— WORK INSTRUCTION —
Please copy exactly the part of the records below that opens with the line containing "So this question" and closes with the line containing "So have fun", leaving out any pictures.
==== ENTRIES SUPPLIED ====
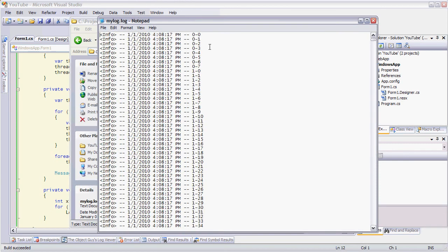And I've just written out numbers corresponding to what logger thread it is, and then what number, what iteration we're on.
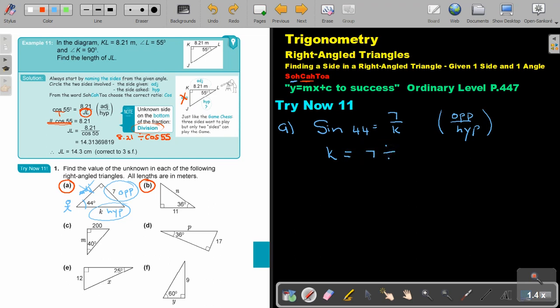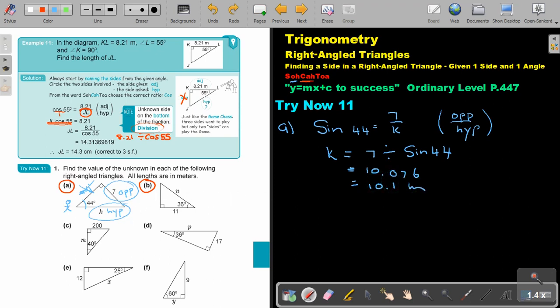Remember to write the side first, then the sin or cos or tan. Just do cross-multiplication and it will work out. Press it on the calculator: 7 divided by sin44°. That gives 10.076, so correct to three significant figures it's 10.1 meters. That is the answer for part A.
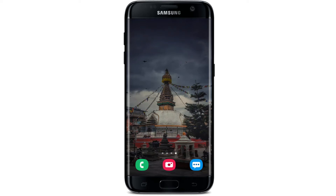Hello everyone, welcome back to another video. Today we are going to learn about how to log in to the EasyBank application on your Android device. But before logging in, make sure that you have subscribed to our YouTube channel by hitting that subscribe button.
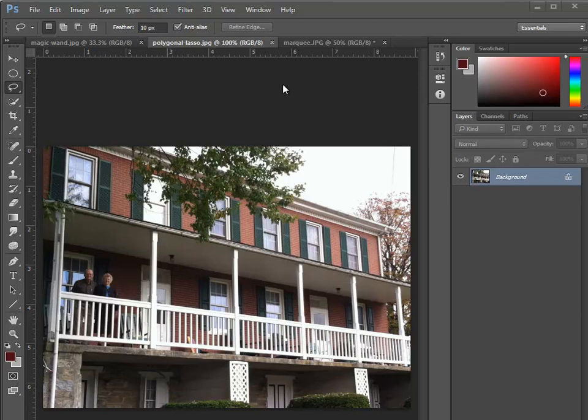In this video, I'm going to show you how to use a variation of the lasso tool to make a selection inside Photoshop.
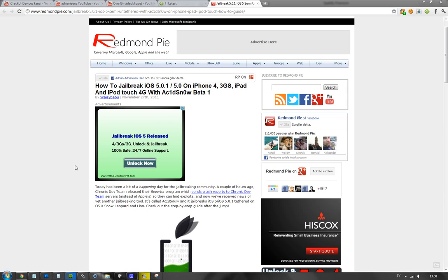Hey guys, today we have another jailbreak news. There's a new jailbreak tool out, so if you don't like Snow Breeze or Red Snow and want to try something new,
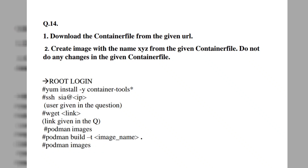So this question is solved here and you will get 10 to 15 marks easily. If you like this video, please subscribe to my channel and wait for the next video.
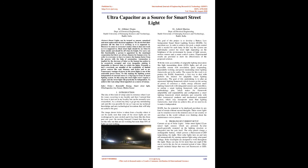Ultra-capacitor as a source for smart street light. Abstract: street lights can be termed as unseen, unnoticed, and most underrated electrical appliance.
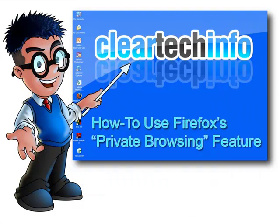So have fun everybody using the private browsing feature in Firefox. For more tutorials, tips, tricks and advice on computers, internet and technology, go to cleartechinfo.com.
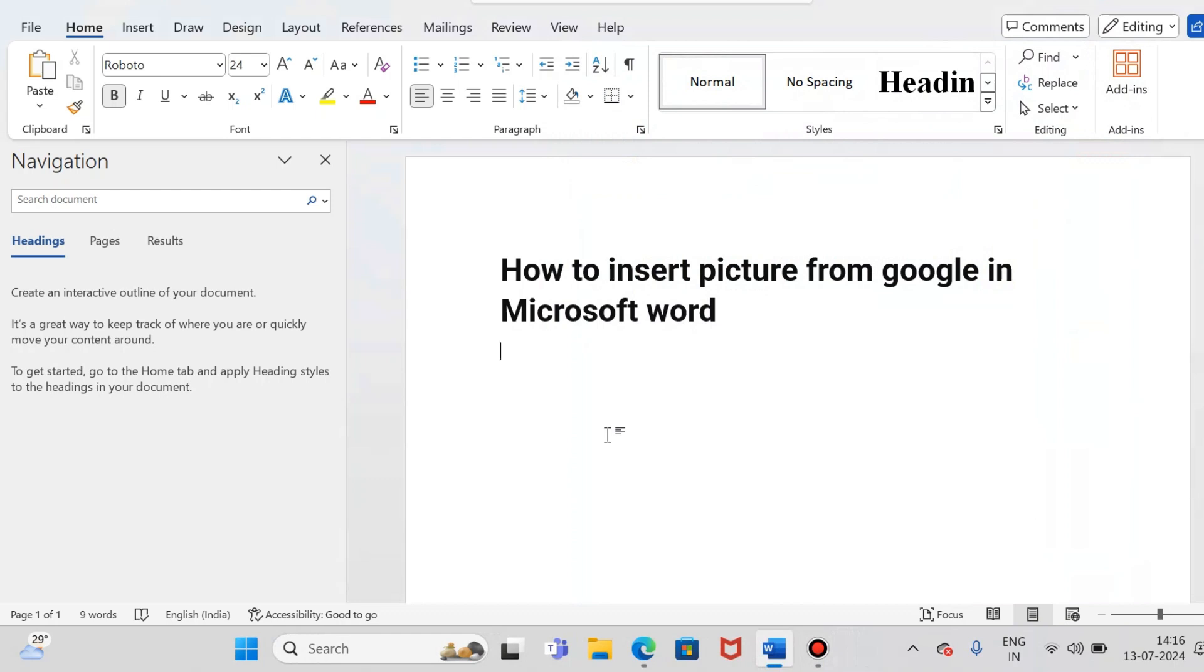Hey guys, let's see today how to insert a picture from Google in Microsoft Word. So you can see that I have opened Microsoft Word on my laptop and I wanted to insert a picture from Google.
====
— REPLY —
So this question is solved here and you will get 10 to 15 marks easily. If you like this video, please subscribe to my channel and wait for the next video.
Ultra-capacitor as a source for smart street light. Abstract: street lights can be termed as unseen, unnoticed, and most underrated electrical appliance.
So have fun everybody using the private browsing feature in Firefox. For more tutorials, tips, tricks and advice on computers, internet and technology, go to cleartechinfo.com.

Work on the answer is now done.